Produits ménagers, maquillage, vaisselle : l’environnement est contaminé par des polluants, particulièrement dangereux pour certaines populations. Une récente étude de l’Université de Californie - San Francisco montre que les femmes enceintes sont largement exposées à des composés toxiques. Les résultats, validés par les pairs, ont été publiés dans la revue scientifique Chemosphere.
Des tests urinaires
L’équipe de recherche a mesuré les taux de 45 produits chimiques, associés à un risque de cancer notamment, dans les échantillons d’urine d’un groupe de 171 femmes enceintes entre 2008 et 2020. Elles venaient de différents Etats américains : Californie, Géorgie, Illinois, New Hampshire, New York et Porto Rico. Environ un tiers étaient blanches, 40% étaient latinos, 20% étaient noires, 4% étaient asiatiques et les 3% restants appartenaient à d'autres ou à plusieurs groupes raciaux.
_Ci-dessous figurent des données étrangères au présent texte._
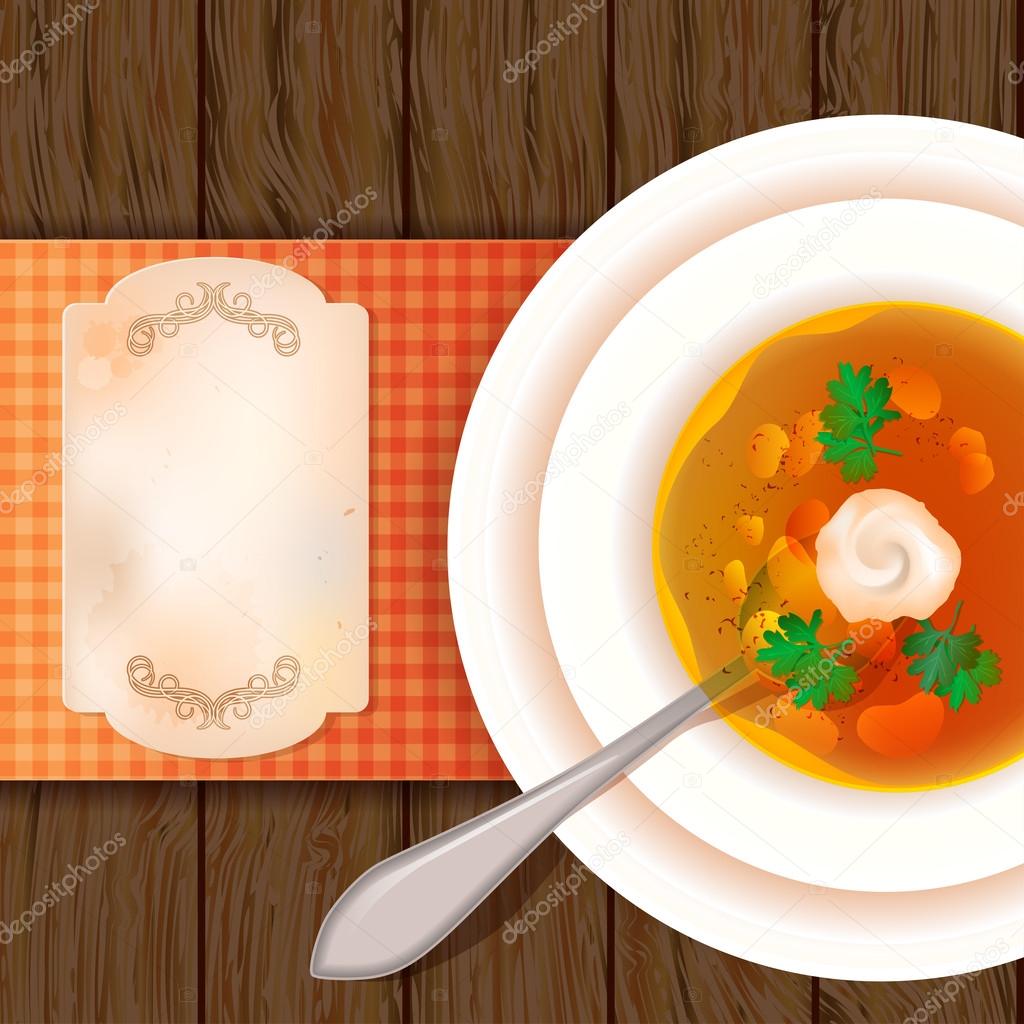A plate of soup on a wooden table.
Des substances très courantes
La mélamine et l'acide cyanurique sont des produits chimiques, qui peuvent être particulièrement toxiques lorsqu’ils sont présents conjointement. La mélamine se trouve dans la vaisselle, les plastiques, les revêtements de sol, les plans de travail de cuisine et les pesticides. Quant à l'acide cyanurique, il est généralement utilisé comme désinfectant, stabilisateur du plastique et comme solvant de nettoyage dans les piscines.
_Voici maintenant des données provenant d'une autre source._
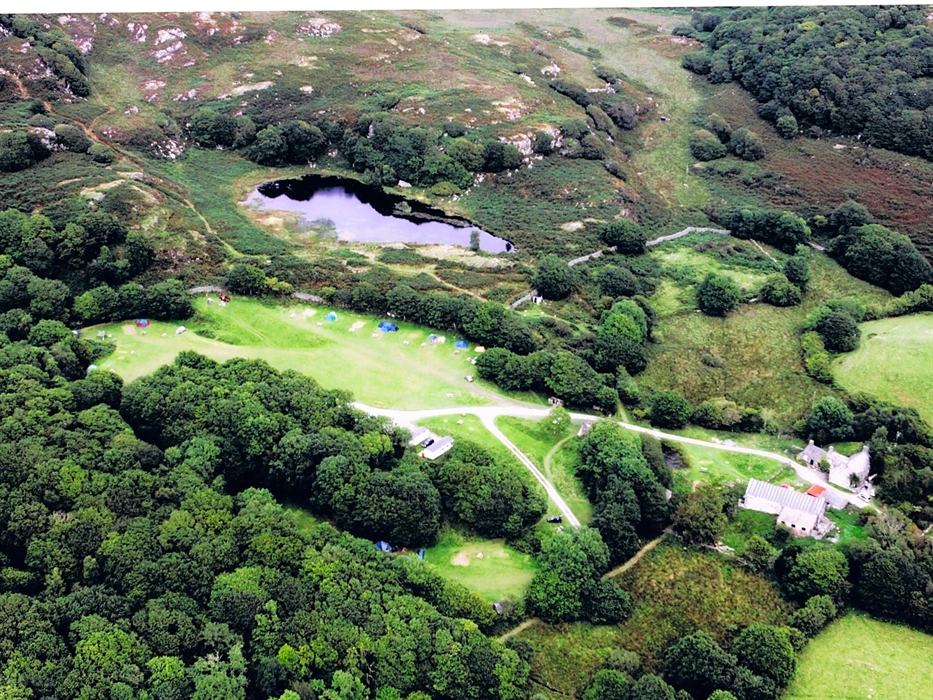aerial view of lake and campsite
Les scientifiques ont également recherché les traces d’amines aromatiques, présentes dans les teintures capillaires, le mascara, l'encre de tatouage, la peinture, la fumée de tabac et les gaz d'échappement de moteur diesel. Quatre amines aromatiques, souvent utilisées dans les produits contenant des colorants et des pigments, ont été trouvées chez presque toutes les participantes enceintes.
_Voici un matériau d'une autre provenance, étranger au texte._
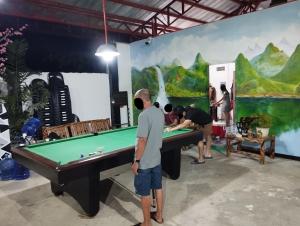 a group of people standing around a pool table at Cuna Del Alri in Samal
Des différences selon la couleur de peau
La mélamine et l'acide cyanurique ont aussi été détectés dans presque tous les échantillons des participantes à l’étude. "Mais les niveaux les plus élevés ont été trouvés chez les femmes de couleur et celles qui étaient plus exposées au tabac", précisent les auteurs. "Il est déconcertant de constater que nous continuons à trouver des niveaux plus élevés de bon nombre de ces produits chimiques nocifs chez les personnes de couleur", souligne la co-autrice de l'étude, Jessie Buckley. Par exemple, les niveaux de 3,4-dichloroaniline, un produit chimique utilisé dans la production de colorants et de pesticides, étaient plus de 100 % plus élevés chez les femmes noires et hispaniques en comparaison aux femmes blanches.
Des produits insuffisamment surveillés
"Ces produits chimiques sont très préoccupants en raison de leurs liens avec le cancer et la toxicité pour le développement, mais ils ne sont pas systématiquement surveillés aux États-Unis", commente Tracey J. Woodruff, professeur d'obstétrique, de gynécologie et de médecine reproductive, co-autrice principale de l’étude. "Nos résultats soulèvent des inquiétudes pour la santé des femmes enceintes et des fœtus, car certains de ces produits chimiques sont des cancérigènes connus et des toxiques potentiels pour le développement", complète Giehae Choi, co-autrice. Pour ces scientifiques, il est nécessaire de mettre en place une réglementation appropriée afin de limiter l’exposition des femmes enceintes à ces substances dangereuses.